* Your assignment:
How many lines in the records below contain the string "Fresh"? Answer with the number alone.

*** Data to process ***

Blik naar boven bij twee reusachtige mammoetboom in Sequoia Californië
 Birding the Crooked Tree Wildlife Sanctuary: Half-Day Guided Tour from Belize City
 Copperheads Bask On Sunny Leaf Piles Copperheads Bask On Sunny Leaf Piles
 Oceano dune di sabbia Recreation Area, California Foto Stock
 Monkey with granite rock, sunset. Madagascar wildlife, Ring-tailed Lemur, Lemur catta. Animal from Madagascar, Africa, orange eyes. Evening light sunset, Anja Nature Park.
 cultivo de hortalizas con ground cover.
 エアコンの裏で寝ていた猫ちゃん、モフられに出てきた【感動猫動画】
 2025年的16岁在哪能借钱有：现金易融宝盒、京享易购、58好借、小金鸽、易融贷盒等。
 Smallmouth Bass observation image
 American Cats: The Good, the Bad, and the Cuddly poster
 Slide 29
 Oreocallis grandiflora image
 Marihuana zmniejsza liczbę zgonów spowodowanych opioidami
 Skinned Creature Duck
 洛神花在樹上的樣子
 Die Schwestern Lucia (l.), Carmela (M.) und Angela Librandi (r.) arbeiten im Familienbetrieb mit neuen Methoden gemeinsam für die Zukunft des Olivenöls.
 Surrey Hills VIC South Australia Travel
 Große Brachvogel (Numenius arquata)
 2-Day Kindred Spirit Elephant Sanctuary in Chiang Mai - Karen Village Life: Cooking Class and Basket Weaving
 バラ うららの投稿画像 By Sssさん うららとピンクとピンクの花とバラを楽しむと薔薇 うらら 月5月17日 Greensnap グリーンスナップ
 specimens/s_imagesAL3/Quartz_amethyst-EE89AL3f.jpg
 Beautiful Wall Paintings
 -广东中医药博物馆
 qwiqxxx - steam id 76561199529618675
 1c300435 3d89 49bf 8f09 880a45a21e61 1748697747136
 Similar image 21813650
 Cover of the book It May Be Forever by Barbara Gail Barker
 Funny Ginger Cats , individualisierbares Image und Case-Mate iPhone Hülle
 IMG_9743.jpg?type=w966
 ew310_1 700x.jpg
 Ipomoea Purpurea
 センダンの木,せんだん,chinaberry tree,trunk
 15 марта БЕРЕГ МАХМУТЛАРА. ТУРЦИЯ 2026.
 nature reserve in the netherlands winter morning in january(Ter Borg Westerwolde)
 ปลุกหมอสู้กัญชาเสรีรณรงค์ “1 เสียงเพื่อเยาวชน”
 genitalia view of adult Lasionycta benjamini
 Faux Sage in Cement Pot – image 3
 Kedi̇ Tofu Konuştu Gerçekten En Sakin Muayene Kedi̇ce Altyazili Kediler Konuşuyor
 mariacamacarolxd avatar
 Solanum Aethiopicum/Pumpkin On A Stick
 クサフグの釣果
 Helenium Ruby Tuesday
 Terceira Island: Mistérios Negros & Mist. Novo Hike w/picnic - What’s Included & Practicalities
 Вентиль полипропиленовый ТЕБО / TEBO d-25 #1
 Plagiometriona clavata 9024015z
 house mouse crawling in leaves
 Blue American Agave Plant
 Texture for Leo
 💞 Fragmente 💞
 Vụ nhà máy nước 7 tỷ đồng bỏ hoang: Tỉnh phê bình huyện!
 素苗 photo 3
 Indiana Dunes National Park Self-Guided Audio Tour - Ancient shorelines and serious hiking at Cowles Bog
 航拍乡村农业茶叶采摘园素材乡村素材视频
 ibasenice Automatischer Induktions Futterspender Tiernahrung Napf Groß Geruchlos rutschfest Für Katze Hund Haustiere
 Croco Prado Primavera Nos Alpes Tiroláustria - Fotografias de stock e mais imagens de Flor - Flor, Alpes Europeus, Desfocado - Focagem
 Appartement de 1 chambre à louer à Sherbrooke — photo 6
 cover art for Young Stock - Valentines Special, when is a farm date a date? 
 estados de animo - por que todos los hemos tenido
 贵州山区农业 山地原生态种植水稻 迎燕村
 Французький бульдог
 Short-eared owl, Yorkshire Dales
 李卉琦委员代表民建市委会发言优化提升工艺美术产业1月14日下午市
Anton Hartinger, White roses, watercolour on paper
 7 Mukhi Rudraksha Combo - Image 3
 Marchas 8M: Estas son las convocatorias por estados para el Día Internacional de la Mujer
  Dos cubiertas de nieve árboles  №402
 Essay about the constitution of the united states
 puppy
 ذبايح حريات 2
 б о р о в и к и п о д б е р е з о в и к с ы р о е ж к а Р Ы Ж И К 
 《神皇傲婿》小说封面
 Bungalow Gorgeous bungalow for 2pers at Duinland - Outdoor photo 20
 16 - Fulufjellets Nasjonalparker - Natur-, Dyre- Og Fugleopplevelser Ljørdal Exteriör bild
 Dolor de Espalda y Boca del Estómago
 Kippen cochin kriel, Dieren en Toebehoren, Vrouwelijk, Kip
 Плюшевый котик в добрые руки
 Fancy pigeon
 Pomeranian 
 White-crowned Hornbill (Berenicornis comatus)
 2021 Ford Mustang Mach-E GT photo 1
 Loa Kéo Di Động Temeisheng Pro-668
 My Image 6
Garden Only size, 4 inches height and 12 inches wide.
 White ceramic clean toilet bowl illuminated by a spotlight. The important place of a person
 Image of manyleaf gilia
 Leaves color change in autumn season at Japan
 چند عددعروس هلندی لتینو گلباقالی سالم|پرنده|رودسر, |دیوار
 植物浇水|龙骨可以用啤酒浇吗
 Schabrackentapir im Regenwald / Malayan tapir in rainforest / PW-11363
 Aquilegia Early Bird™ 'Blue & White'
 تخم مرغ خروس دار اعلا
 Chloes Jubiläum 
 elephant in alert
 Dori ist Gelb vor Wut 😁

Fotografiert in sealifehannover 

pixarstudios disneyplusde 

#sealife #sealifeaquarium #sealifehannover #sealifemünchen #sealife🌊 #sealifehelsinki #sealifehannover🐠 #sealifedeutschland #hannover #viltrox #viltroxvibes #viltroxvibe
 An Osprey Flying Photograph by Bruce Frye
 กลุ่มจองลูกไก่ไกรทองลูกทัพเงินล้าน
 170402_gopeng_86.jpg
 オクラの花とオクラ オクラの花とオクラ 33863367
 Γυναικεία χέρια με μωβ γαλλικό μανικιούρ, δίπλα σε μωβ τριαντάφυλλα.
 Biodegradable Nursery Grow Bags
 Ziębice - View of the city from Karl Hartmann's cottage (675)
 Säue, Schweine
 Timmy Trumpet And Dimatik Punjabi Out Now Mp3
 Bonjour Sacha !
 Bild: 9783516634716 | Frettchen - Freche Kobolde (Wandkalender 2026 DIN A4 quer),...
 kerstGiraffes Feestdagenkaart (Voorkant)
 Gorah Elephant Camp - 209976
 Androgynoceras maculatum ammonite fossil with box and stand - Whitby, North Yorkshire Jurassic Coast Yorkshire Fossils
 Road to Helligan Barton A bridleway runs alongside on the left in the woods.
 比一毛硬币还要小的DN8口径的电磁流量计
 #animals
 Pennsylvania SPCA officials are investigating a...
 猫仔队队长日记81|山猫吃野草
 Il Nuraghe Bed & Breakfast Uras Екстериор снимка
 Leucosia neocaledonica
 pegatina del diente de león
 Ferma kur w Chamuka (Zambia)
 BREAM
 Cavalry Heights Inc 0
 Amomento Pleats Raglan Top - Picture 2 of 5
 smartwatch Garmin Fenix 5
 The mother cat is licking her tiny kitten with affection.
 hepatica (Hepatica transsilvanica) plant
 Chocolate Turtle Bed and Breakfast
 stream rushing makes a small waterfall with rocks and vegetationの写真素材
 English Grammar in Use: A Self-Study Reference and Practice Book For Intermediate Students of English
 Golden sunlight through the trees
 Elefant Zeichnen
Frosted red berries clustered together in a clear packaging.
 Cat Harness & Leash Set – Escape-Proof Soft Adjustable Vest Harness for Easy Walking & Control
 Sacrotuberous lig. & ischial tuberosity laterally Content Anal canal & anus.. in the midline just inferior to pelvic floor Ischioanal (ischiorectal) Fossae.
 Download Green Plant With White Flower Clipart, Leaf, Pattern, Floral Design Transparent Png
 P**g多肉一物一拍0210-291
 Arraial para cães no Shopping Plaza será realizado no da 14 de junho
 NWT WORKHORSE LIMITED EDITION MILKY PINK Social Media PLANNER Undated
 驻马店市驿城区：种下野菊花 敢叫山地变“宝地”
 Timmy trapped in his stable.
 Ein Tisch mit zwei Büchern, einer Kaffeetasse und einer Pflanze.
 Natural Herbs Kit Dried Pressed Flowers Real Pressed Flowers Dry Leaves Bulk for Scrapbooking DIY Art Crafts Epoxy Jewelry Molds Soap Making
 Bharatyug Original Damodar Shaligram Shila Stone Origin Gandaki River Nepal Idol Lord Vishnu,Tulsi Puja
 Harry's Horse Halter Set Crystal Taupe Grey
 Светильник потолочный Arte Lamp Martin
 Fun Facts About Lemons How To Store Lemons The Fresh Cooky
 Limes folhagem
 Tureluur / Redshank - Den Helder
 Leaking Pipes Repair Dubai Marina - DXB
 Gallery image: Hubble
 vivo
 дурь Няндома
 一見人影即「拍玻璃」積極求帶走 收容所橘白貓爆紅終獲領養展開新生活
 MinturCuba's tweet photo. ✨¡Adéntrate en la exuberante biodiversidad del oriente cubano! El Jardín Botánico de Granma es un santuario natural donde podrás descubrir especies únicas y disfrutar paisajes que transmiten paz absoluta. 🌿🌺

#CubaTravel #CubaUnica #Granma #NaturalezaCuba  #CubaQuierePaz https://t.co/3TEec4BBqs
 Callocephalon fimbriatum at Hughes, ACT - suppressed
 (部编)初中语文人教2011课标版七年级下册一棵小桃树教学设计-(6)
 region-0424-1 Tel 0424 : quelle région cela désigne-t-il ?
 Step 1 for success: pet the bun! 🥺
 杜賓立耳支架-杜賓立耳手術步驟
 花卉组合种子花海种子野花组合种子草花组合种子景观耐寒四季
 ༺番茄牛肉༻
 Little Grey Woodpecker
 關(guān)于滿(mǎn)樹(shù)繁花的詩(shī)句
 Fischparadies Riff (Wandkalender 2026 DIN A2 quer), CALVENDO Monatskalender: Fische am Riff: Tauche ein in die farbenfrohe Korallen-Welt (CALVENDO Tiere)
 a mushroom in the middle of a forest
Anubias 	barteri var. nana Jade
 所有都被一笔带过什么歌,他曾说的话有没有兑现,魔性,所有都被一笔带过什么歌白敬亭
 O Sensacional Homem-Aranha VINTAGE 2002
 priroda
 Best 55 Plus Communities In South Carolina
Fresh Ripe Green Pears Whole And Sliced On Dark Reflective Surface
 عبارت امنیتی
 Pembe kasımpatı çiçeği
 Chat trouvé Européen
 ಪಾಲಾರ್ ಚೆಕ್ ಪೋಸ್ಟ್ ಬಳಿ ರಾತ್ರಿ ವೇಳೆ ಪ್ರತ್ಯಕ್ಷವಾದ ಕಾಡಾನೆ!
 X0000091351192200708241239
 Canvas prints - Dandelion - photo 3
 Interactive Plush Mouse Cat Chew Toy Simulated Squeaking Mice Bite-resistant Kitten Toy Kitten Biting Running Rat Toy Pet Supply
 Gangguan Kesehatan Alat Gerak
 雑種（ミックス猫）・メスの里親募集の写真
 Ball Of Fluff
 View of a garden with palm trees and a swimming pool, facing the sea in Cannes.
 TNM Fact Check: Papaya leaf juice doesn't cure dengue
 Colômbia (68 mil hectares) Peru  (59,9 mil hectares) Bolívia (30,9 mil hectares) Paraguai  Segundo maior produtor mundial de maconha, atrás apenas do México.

*** End of Data to process ***

* Result of this exercise:
2